● **SOURCE MATERIAL**

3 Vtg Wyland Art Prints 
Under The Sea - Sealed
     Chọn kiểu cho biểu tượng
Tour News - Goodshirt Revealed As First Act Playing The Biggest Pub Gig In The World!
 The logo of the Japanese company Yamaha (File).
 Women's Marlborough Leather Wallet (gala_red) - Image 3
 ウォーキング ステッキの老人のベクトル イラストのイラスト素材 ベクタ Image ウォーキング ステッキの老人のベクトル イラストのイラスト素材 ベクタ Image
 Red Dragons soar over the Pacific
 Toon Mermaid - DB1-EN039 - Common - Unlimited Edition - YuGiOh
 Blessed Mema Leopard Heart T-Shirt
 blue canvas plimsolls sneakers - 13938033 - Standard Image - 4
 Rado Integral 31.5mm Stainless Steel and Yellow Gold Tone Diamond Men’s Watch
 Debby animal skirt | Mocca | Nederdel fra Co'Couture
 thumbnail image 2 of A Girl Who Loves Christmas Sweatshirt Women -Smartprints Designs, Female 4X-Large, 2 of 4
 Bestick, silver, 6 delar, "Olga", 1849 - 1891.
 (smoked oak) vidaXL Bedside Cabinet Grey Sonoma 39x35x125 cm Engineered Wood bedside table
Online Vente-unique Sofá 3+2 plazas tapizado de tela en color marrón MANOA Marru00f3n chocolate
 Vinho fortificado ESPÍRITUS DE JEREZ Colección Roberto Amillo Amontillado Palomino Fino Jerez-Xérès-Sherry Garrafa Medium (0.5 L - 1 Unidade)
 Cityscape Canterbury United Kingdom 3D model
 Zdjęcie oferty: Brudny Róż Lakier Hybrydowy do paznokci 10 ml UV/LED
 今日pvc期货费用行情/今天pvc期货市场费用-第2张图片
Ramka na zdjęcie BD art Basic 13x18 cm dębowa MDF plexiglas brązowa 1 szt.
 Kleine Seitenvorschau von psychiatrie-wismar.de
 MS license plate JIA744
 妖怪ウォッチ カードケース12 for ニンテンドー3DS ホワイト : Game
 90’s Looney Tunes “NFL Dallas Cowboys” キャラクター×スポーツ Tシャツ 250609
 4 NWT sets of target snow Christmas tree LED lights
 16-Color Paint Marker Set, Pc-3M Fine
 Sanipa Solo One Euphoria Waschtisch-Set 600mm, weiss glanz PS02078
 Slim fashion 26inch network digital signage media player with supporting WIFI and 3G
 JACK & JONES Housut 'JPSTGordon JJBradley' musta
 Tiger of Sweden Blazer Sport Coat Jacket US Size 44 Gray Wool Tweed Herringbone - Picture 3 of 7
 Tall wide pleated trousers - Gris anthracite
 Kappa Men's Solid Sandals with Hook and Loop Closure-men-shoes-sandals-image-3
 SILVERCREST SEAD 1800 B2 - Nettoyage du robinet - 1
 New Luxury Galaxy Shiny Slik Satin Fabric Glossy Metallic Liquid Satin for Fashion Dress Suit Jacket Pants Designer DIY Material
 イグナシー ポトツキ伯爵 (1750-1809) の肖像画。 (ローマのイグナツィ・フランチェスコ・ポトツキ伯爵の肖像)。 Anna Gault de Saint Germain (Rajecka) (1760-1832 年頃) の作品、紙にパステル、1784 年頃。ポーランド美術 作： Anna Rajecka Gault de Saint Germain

● **TO DO**
What you give back must be the stretch above, starting at the line with "Debby animal skirt" and ending at the line with "Online Vente-unique Sofá", copied exactly.

● **EXPECTED ANSWER**
 Debby animal skirt | Mocca | Nederdel fra Co'Couture
 thumbnail image 2 of A Girl Who Loves Christmas Sweatshirt Women -Smartprints Designs, Female 4X-Large, 2 of 4
 Bestick, silver, 6 delar, "Olga", 1849 - 1891.
 (smoked oak) vidaXL Bedside Cabinet Grey Sonoma 39x35x125 cm Engineered Wood bedside table
Online Vente-unique Sofá 3+2 plazas tapizado de tela en color marrón MANOA Marru00f3n chocolate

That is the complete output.